### Exercise requirements
Set down each record exactly. Omit the pictures.

### Data for the task
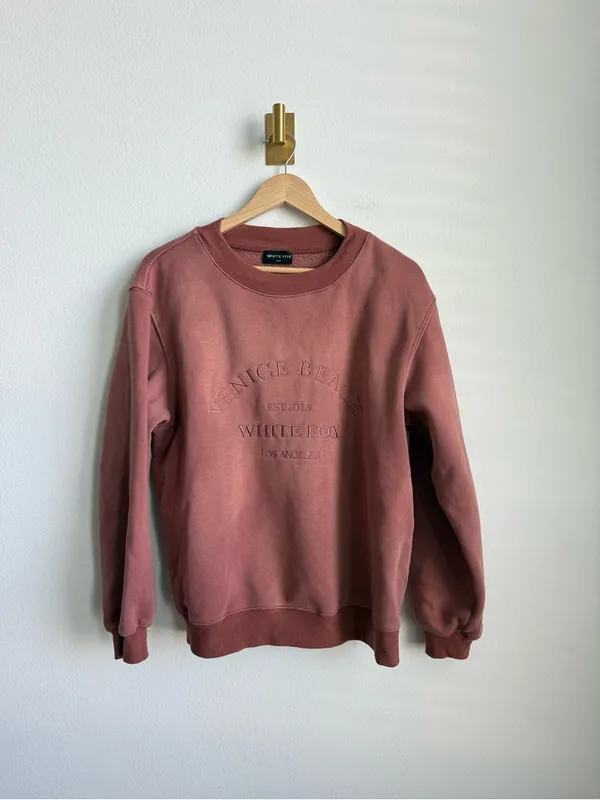 White Fox Venice Beach Embroidered Oversized Crewneck Sweatshirt Mauve S/M - Image 3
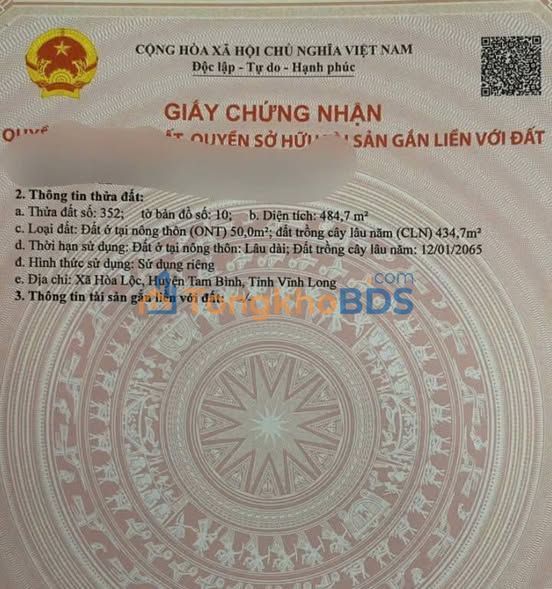 Đất Nền Vĩnh Long 484.7m² Sổ Hồng Sẵn - Giá 340 Triệu Chính Chủ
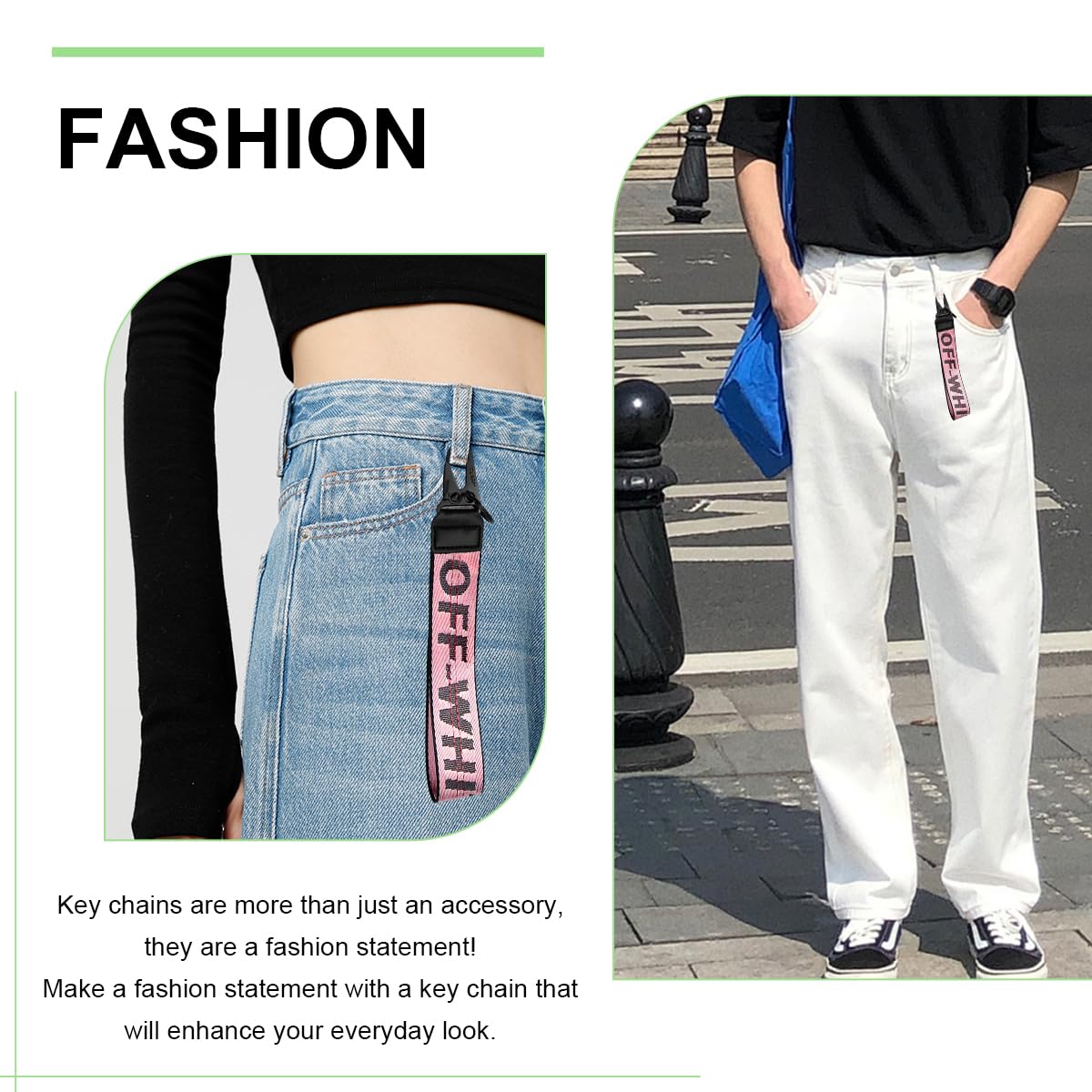 Car Keychain Fabric Keychain Wrist Lanyard Key Ring for Cars Keys Wallets Jeans Decoration Car Accessories Pink — view 5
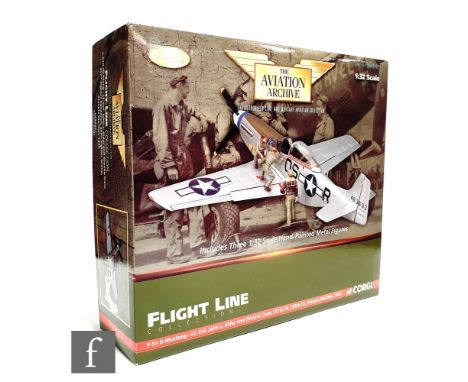 A Corgi Aviation Archive Flight Line Collection 1:32 scale US34407 P-51D Mustang diecast model aircraft, limited edition 2 of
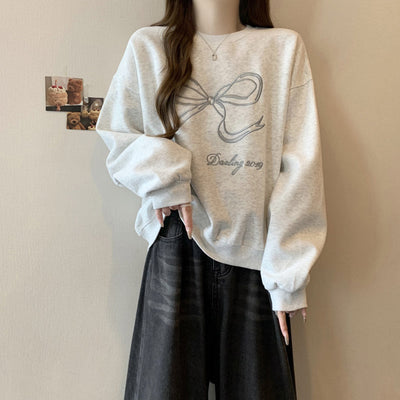 Damen Oversized Bestickter Sweatshirt Heidi-Mode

### Reply to the exercise
 White Fox Venice Beach Embroidered Oversized Crewneck Sweatshirt Mauve S/M - Image 3
 Đất Nền Vĩnh Long 484.7m² Sổ Hồng Sẵn - Giá 340 Triệu Chính Chủ
 Car Keychain Fabric Keychain Wrist Lanyard Key Ring for Cars Keys Wallets Jeans Decoration Car Accessories Pink — view 5
 A Corgi Aviation Archive Flight Line Collection 1:32 scale US34407 P-51D Mustang diecast model aircraft, limited edition 2 of
 Damen Oversized Bestickter Sweatshirt Heidi-Mode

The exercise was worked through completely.